◆ **About this exercise**
In the entries below, find the line with "ALDO VELVET GREEN" and the line with "4 Ton Low Profile". Print those two and everything between them exactly, and nothing else.

◆ **Data supplied**
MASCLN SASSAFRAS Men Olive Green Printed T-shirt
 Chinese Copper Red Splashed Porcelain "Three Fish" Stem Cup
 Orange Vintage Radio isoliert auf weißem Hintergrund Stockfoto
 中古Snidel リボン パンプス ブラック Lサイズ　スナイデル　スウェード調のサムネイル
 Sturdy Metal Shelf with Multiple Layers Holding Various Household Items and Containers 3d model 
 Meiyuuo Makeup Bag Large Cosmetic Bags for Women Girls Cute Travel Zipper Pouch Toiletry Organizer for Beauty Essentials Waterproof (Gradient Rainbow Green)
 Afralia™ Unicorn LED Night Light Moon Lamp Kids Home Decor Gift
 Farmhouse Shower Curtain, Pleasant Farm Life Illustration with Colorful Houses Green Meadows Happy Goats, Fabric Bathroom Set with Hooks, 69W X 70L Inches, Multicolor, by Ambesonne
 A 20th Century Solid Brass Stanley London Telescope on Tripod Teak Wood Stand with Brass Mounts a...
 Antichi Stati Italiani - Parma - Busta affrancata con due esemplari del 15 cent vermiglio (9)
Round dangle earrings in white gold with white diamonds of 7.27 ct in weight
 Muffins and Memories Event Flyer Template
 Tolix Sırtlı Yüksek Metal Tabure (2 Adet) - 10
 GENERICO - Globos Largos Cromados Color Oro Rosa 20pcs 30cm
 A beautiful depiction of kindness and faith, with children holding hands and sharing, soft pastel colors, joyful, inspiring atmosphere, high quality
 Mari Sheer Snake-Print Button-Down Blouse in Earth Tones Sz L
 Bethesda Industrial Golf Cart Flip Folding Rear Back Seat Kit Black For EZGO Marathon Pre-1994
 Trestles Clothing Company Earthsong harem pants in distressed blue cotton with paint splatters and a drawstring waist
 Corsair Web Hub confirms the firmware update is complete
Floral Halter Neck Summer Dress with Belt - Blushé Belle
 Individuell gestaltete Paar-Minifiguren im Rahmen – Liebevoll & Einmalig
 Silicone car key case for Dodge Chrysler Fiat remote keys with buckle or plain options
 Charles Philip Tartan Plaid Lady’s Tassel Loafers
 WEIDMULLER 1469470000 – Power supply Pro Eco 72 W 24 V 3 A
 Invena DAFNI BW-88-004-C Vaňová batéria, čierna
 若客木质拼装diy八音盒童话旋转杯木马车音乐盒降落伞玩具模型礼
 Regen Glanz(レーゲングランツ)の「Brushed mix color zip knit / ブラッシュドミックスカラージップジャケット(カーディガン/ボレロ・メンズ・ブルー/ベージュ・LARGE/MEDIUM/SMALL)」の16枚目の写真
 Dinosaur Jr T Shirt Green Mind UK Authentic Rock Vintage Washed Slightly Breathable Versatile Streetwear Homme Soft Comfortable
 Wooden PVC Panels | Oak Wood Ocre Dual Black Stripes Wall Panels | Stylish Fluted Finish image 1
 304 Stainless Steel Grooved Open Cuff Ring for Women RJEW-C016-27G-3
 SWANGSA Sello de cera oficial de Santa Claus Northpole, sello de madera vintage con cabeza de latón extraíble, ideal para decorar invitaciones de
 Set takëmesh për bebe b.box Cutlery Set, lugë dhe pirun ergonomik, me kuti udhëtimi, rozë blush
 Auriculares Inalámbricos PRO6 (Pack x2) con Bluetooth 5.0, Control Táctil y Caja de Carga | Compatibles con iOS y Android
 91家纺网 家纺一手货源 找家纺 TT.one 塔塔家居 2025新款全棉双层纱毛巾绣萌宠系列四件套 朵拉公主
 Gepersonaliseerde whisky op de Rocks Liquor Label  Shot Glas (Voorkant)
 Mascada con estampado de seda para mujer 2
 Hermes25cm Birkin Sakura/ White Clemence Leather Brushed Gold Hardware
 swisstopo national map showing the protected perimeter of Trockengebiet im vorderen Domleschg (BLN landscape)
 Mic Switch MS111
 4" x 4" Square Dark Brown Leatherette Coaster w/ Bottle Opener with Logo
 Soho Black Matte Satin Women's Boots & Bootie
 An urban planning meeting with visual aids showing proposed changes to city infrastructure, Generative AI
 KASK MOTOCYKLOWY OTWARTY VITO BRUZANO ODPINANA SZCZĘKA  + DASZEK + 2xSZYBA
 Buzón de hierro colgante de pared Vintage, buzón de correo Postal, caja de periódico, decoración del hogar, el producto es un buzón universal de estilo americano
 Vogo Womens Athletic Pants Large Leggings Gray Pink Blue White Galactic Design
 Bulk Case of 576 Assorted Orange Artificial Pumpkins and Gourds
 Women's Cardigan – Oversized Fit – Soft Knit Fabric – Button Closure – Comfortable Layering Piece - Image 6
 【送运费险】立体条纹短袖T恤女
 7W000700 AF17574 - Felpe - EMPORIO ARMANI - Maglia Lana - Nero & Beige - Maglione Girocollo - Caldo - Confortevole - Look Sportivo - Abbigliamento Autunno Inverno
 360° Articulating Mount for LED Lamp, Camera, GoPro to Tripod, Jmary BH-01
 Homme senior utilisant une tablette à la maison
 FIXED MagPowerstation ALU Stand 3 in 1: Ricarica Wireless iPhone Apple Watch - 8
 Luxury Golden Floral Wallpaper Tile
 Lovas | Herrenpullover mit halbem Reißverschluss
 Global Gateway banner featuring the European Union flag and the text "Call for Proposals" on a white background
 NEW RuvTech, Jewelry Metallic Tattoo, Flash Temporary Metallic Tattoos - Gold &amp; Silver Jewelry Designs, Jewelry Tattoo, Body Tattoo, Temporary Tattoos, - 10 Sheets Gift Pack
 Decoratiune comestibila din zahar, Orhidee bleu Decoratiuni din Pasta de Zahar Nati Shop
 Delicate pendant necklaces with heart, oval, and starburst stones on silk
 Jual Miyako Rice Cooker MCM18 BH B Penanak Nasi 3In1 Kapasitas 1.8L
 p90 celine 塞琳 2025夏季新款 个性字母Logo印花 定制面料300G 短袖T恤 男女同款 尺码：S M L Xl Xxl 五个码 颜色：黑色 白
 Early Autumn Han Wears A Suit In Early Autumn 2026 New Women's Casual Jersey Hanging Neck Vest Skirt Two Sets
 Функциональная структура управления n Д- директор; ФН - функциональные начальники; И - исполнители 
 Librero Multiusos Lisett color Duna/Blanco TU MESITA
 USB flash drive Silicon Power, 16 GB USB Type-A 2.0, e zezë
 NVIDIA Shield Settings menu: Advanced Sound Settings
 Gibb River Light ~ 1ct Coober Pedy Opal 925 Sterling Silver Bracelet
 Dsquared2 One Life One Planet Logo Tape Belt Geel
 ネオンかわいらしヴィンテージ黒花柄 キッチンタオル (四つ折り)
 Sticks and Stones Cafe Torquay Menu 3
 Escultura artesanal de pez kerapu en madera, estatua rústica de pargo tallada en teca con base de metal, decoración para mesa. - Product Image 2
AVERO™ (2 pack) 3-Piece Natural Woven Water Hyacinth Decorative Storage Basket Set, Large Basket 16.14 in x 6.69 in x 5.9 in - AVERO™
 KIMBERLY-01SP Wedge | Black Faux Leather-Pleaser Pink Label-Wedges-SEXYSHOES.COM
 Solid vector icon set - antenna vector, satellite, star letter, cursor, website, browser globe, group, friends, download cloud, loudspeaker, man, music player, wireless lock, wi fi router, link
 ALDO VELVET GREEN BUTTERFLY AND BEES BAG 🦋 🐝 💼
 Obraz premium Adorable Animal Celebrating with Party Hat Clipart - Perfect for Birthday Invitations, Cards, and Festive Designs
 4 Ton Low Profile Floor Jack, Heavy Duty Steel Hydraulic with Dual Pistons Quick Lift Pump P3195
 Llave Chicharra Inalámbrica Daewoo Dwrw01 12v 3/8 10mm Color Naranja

◆ **Your response**
 ALDO VELVET GREEN BUTTERFLY AND BEES BAG 🦋 🐝 💼
 Obraz premium Adorable Animal Celebrating with Party Hat Clipart - Perfect for Birthday Invitations, Cards, and Festive Designs
 4 Ton Low Profile Floor Jack, Heavy Duty Steel Hydraulic with Dual Pistons Quick Lift Pump P3195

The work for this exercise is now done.